09.25.08 Written by Matt

A small-town high school in New Mexico has been shaken up by the football team’s hazing scandal, in which six younger members of the team were sodomized with a broomstick by more senior players during an August training camp.

According to state police reports, a group of juniors assaulted several younger teammates over two days, holding the victims down while a broomstick was forced into their rectums over their athletic shorts. [...]

When [head coach Ray] Woods asked if anyone had been violated, one 15-year-old player raised his hand. But before the boy could elaborate, other players began making jokes, the report said. Several coaches told investigators that because of the laughter from the players, they didn’t believe the allegations were serious and took no further action.

The scandal has provided not only strife within the school, but also fodder for its rivals:

School Superintendent Rick Romero said spectators at some opposing schools have taunted the Robertson girls’ soccer team and a middle school girls’ volleyball team with “references to broomsticks and other very inappropriate sexual innuendoes.”

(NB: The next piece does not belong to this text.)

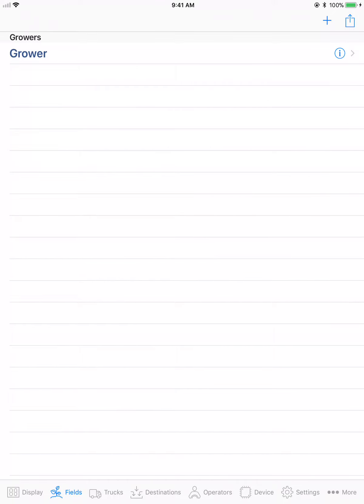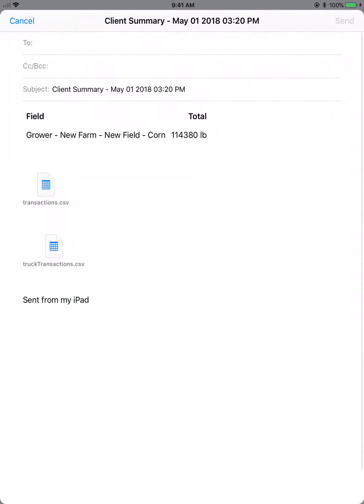To do this, tap the fields tab on the bottom of the app and navigate to your growers. Tap the icon on the top right-hand side of the screen with the arrow to generate an email and type in an email address that you'd like to send it to.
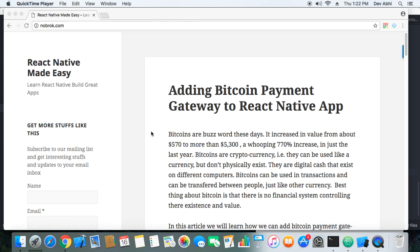Hey everyone, welcome to React Native Made Easy tutorials. Today we are going to do something very interesting. You must have heard about Bitcoin — it's also in everyday news, and last year its value increased from $570 to approximately $5,300. That's an amazing increase in value, so it's a buzzword these days and everyone is trying to build apps using Bitcoin or implement Bitcoin in their existing app.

Whoa.  There are spectators at girls’ middle school volleyball games taunting the players with talk of brutal sex acts?  And here I thought I was the only one.  **sniff** So this is what it sounds like when doves cry.

(Thanks to handsome commenter Upstate Underdog, who sent this story in two days ago. I just got to it now thanks to the awesome combination of paralyzing laziness coupled with the attention span of a gnat.)